Calling trac_ik in parallel means valid solutions are not found due to timeouts

Issue #63 closed
Austin Gregg-Smith created an issue

Hi,

I have been using trac_ik in “speed” mode to return 1000 ik solutions each started from a random seed.

I am using an OpenMP for loop to run those 1000 queries in parallel. This has been working fine because an OpenMP for loop will only spawn 1 thread per processor by default so each trac_ik instance has a dedicated core to run it.

However, I noticed that if I spawn two threads, where each thread attempts to calculate 1000 ik calls, then trac_ik fails to find the majority of solutions for either thread. If I run the calls serially it works of course.

I had a look and I assume this is due the the timeout. If there is contention for the cpu time, then the timeout runs out before trac_ik has run enough iterations to find a solution.

Is it possible to set an iteration count rather than a timeout so that the number of found IK solutions is the same regardless of how many threads call the function (I know there might be reduced time performance because of the contention, but this matters less than failing to find an ik solution that exists).

If that is not possible (and from looking at the codebase it looks it will be a bit difficult to extract the timeouts to replace with iteration counts), am I doing something incorrectly?

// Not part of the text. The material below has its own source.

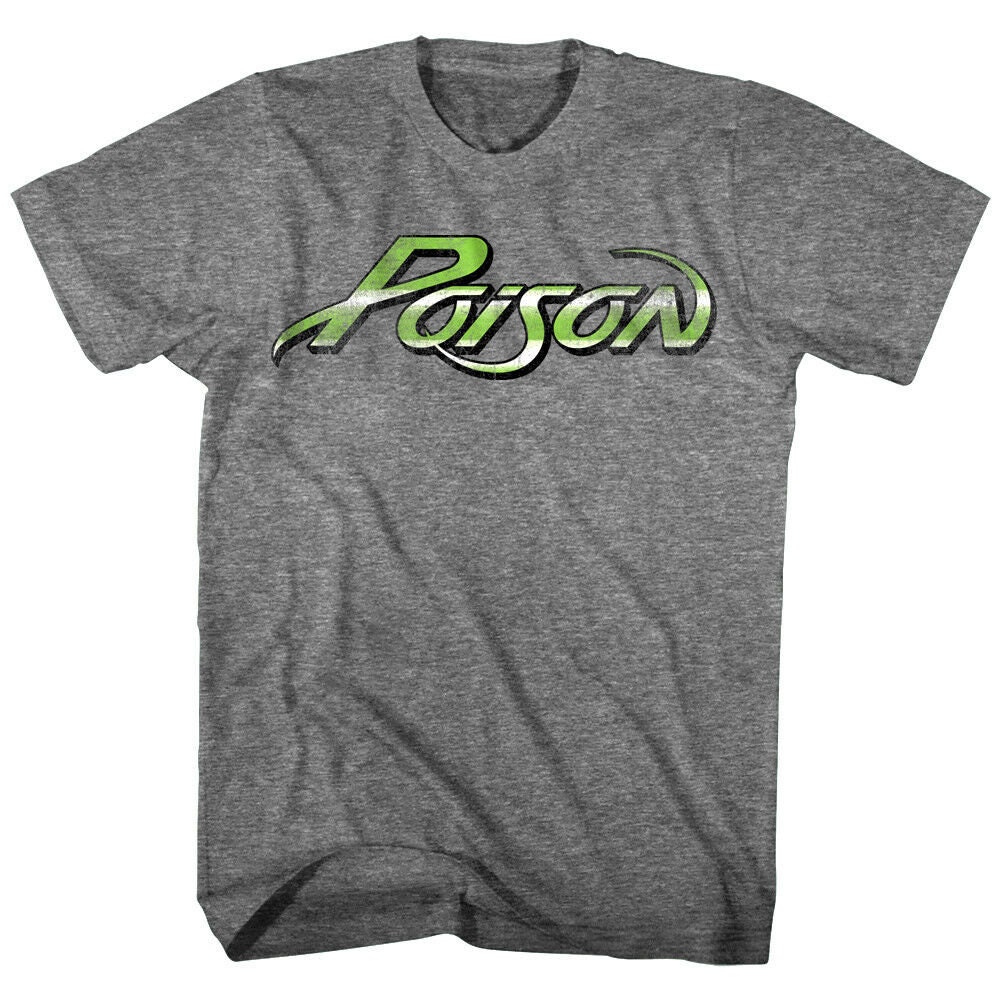 Poison Men'S T Shirt | Vintage Band Logo Gray Graphic Tee | Glam Metal Band Concert Tour Merch | American Rock Music Shirt Gift For Him Donuink Store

Is it possible to call trac_ik in parallel and get the same results as calling it serially?

Thanks,

Austin

Comments (13)

  1. Austin Gregg-Smith reporter

    I create a new instance of trac_ik for each iteration that is never shared so I don’t think that should be an issue. Ie, calling 1000 ik from two threads = 2000 individual trac_ik initialisations that are thrown away immediately after their first solve. I have been running the code for a long time and never had any thread crashing problems.

    If I want to fix this, would you recommend just going through the codebase and replacing all the timeouts with an iteration counts or is there a better way?

    Thanks.

  2. Patrick Beeson Account Deactivated

    I see. I didn’t read your original post carefully enough.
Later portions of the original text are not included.